#### Assignment:
Copy every line that contains the string "writing" from the entries below.

#### Records from a data collection:
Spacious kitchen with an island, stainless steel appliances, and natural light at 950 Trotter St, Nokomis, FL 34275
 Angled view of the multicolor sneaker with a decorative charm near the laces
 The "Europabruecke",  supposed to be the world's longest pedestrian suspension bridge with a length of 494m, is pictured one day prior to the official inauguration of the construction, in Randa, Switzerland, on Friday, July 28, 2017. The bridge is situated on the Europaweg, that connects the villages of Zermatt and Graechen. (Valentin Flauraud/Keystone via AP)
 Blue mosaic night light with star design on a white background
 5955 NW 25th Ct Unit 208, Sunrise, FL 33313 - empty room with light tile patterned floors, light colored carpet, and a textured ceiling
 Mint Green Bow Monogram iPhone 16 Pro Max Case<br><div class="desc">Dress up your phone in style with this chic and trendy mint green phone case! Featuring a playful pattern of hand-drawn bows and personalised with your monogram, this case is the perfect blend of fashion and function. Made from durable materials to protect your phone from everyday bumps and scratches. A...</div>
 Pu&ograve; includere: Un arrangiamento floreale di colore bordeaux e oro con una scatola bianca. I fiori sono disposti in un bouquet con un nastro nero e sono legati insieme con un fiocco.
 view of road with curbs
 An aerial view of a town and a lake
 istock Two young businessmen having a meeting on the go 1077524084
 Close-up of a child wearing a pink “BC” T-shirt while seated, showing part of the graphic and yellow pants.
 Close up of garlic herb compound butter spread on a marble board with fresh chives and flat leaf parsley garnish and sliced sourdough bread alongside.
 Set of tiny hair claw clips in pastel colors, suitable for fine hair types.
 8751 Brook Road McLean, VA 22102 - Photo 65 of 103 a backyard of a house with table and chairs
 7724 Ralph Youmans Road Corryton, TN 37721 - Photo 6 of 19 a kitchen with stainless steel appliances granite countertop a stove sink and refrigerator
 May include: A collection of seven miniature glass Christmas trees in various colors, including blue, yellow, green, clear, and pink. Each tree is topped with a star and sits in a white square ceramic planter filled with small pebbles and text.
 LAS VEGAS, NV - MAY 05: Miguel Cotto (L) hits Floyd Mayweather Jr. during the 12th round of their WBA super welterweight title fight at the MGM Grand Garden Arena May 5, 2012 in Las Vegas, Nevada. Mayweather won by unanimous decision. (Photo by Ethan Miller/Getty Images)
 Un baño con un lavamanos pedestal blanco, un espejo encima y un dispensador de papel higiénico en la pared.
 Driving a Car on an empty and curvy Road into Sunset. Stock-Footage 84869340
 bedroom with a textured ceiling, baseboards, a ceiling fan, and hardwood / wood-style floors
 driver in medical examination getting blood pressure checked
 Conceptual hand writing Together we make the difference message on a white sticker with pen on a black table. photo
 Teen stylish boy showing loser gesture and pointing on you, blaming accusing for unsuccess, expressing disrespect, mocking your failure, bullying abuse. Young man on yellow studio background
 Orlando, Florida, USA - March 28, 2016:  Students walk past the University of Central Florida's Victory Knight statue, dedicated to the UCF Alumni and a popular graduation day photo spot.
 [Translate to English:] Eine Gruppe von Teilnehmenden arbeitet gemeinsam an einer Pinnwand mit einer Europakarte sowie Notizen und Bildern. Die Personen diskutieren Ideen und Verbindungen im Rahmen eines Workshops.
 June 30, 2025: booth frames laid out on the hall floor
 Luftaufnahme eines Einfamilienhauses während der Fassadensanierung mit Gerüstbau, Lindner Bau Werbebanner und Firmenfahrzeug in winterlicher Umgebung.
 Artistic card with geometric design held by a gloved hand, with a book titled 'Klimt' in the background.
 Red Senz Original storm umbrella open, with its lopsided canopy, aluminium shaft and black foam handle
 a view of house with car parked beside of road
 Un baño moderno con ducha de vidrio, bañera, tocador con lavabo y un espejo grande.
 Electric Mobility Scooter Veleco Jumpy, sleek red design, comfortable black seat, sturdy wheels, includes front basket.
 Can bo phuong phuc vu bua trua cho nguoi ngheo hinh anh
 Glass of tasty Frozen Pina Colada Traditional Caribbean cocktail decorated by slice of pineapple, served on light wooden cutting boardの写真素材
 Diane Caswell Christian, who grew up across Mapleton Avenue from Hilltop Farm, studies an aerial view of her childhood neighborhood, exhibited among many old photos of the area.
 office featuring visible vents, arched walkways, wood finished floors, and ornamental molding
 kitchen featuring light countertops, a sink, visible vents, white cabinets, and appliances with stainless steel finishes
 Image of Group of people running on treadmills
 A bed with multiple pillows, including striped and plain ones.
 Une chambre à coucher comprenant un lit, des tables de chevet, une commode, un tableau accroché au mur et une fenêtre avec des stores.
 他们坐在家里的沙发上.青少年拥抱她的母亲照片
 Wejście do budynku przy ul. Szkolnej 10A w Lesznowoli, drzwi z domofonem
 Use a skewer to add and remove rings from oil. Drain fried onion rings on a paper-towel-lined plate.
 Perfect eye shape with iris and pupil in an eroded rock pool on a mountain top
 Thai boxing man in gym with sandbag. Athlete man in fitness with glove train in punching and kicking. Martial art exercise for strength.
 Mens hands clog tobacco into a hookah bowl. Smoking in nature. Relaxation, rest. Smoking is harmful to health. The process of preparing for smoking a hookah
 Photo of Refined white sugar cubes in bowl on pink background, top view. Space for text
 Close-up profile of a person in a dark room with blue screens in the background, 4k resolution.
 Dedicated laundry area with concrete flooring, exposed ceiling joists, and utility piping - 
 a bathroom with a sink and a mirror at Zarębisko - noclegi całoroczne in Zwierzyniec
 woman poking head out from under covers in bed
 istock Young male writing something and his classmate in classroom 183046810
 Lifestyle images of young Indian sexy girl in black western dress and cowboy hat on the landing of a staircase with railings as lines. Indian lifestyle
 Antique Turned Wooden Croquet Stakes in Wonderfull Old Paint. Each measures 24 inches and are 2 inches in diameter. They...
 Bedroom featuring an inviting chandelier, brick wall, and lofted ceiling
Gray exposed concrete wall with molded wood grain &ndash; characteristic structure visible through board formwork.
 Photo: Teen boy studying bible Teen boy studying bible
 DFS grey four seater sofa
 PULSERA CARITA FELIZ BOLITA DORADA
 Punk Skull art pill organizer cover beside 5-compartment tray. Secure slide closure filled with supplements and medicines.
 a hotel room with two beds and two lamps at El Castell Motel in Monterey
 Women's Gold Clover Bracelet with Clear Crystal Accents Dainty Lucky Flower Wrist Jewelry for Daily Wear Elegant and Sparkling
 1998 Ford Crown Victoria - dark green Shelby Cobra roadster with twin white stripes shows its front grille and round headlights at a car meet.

#### Solution to the exercise:
 Conceptual hand writing Together we make the difference message on a white sticker with pen on a black table. photo
 istock Young male writing something and his classmate in classroom 183046810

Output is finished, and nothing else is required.